Jan 19, 2021

What is the Data Migration process about ? (Data Migration 101)

I decided to write this post as many times during the many projects that I have done over the last years, I keep on receiving the same questions over and over about what is the information that needs to be converted from a Legacy System into SAP, what is the strategy that we should follow and how to approach the different objects.

I haven't read anything on the subject out there, so I decided to write a Post about it.

Data conversion is the process of moving and translating the data from your Legacy System (any type or brand of legacy system) into your Target system during a system implementation so the new System can take over the operations and have the data ready and loaded for it. This process is called ETL (Extract, Transform, Load). 


Process

You will Extract all the different data objects from your Legacy System Database. This extraction could be done into multiple formats. It could be flat files (ASCII or Text), it could be into Excel Files, Access or SQL Database, into any other type of Database, you could use SAP Data Services (SAP's product for Data transformation and loading into SAP), or it could be into Staging Tables. Your data source might not be necessary a database, it could be Excel spreadsheets too.

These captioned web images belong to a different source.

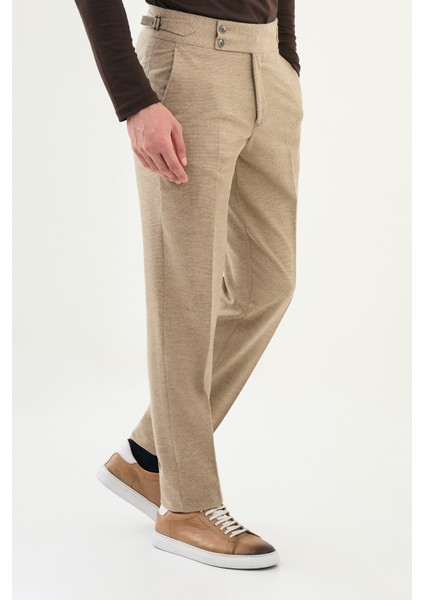 Kareli Slim Fit Beli Tokalı Yün Erkek Pantolon modelleri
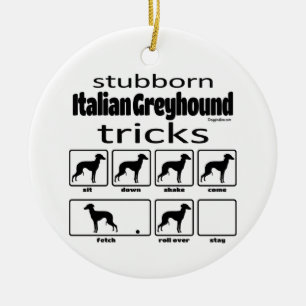 Ornamento De Cerâmica Truques de Galgo Italiano Stubborn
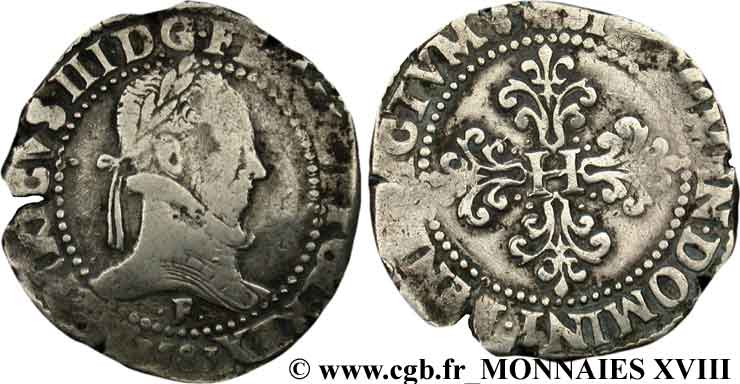 HENRY III Franc au col plat 1583 Angers q.BB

Once the Data has been extracted, you will start the Transformation of it. This is the process where you will build your Dictionary that will help you understand / translate your Data Values and records between your Legacy System and your New System. Why ? Because your new system will have different fields, new fields and fields that do not mean the same and/or are not used the same way as in your old system. So for that you will have to build correspondence tables between one value in the old and the new value. There could be values that will have a 1:1 relationship, n:1 or 1:n, so you have to build all those mapping rules.

Ex. Your Customer or Vendor Numbers might need to be changed from one system to the other, Your General Ledger Accounts numbers might be different, or your old system might not have Cost Centers and your new System does. 

Like this you could have hundreds of examples within the different areas / modules of the system where you will have values that will need to be replaced by new values.

Now these mapping tables, are not static; some of them will evolve during the course of your implementation project so you need to instrument a mechanism to maintain them updated to prevent any records being rejected by your new system because you did not maintain the mapping. Some will even need to be maintained up until the very last minute. Ex. Customers and Vendors.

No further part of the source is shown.